Exercise description: Below are lines of data, and only some are wanted. Please repeat exactly those from the line that has "Get big, clean." through the line that has "We're going to lower".

Dataset excerpts:
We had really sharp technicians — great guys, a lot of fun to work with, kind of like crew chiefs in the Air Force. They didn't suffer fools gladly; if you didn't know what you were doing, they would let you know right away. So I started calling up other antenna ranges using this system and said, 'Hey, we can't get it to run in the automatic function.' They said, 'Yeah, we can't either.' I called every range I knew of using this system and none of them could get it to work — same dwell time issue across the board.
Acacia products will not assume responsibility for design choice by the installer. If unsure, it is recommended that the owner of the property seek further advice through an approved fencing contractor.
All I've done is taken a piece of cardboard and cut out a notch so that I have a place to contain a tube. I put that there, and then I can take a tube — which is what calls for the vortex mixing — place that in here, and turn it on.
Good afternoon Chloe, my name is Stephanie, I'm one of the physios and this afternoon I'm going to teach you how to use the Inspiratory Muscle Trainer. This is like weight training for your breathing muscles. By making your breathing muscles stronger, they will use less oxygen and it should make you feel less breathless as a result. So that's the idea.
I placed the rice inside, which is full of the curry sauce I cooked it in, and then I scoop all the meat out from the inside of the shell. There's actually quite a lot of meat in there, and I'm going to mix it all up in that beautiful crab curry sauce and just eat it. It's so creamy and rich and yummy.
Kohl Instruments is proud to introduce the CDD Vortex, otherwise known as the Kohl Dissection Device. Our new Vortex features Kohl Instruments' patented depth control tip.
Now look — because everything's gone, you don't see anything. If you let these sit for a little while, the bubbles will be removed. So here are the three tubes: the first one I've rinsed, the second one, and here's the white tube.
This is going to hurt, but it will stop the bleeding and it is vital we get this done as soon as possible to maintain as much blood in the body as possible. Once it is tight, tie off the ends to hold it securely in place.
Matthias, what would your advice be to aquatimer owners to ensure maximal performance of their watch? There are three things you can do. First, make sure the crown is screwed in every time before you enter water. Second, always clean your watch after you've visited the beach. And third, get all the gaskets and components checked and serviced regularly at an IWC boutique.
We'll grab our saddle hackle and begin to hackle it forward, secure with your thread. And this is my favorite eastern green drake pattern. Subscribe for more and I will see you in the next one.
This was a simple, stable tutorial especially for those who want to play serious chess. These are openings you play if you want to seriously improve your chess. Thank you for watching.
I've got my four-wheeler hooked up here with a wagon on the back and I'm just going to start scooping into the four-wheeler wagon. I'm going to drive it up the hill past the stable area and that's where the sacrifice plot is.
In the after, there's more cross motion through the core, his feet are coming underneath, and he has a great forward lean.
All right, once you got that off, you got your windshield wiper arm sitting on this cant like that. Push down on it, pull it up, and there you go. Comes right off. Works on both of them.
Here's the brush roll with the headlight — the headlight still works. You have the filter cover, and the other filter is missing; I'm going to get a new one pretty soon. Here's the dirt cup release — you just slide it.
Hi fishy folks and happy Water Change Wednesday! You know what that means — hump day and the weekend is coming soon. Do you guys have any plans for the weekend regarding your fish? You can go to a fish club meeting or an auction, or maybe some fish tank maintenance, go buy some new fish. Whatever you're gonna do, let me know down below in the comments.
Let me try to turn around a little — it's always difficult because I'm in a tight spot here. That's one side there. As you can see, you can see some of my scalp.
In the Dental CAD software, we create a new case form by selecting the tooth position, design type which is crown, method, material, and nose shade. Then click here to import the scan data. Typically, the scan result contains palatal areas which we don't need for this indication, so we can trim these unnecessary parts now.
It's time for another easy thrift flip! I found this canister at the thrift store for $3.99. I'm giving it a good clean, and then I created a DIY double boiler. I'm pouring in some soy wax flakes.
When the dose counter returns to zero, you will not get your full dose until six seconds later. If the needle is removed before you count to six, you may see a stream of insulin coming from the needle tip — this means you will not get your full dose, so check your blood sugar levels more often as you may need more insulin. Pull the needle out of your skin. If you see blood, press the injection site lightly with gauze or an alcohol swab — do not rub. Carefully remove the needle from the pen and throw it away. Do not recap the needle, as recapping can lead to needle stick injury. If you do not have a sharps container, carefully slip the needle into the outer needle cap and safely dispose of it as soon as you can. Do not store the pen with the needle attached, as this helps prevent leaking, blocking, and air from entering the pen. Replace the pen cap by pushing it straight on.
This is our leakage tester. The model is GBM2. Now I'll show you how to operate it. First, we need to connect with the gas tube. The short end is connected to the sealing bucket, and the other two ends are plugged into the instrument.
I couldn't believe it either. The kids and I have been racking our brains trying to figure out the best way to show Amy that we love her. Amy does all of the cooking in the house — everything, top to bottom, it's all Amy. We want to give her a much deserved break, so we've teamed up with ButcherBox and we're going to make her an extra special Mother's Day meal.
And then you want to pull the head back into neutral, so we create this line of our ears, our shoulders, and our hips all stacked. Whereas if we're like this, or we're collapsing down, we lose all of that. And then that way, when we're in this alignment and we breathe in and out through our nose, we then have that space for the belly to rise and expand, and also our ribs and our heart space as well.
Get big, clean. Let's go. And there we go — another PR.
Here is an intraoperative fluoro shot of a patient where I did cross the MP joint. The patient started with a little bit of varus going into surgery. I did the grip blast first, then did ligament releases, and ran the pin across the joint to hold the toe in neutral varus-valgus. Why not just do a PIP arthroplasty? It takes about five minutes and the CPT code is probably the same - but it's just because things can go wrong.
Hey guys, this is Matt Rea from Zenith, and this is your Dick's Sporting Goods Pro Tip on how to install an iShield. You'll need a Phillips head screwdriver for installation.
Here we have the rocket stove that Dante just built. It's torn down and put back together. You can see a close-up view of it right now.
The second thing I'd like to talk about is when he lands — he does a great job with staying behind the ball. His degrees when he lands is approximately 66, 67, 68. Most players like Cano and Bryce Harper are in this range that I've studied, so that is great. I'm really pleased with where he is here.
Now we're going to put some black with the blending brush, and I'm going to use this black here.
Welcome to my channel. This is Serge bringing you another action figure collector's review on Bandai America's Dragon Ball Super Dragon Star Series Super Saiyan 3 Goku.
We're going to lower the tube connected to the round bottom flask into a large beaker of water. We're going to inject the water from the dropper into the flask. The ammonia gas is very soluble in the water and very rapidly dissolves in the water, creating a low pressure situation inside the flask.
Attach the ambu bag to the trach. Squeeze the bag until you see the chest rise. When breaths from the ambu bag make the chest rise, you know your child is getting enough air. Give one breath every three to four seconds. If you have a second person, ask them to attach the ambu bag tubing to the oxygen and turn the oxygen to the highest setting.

Task solution:
Get big, clean. Let's go. And there we go — another PR.
Here is an intraoperative fluoro shot of a patient where I did cross the MP joint. The patient started with a little bit of varus going into surgery. I did the grip blast first, then did ligament releases, and ran the pin across the joint to hold the toe in neutral varus-valgus. Why not just do a PIP arthroplasty? It takes about five minutes and the CPT code is probably the same - but it's just because things can go wrong.
Hey guys, this is Matt Rea from Zenith, and this is your Dick's Sporting Goods Pro Tip on how to install an iShield. You'll need a Phillips head screwdriver for installation.
Here we have the rocket stove that Dante just built. It's torn down and put back together. You can see a close-up view of it right now.
The second thing I'd like to talk about is when he lands — he does a great job with staying behind the ball. His degrees when he lands is approximately 66, 67, 68. Most players like Cano and Bryce Harper are in this range that I've studied, so that is great. I'm really pleased with where he is here.
Now we're going to put some black with the blending brush, and I'm going to use this black here.
Welcome to my channel. This is Serge bringing you another action figure collector's review on Bandai America's Dragon Ball Super Dragon Star Series Super Saiyan 3 Goku.
We're going to lower the tube connected to the round bottom flask into a large beaker of water. We're going to inject the water from the dropper into the flask. The ammonia gas is very soluble in the water and very rapidly dissolves in the water, creating a low pressure situation inside the flask.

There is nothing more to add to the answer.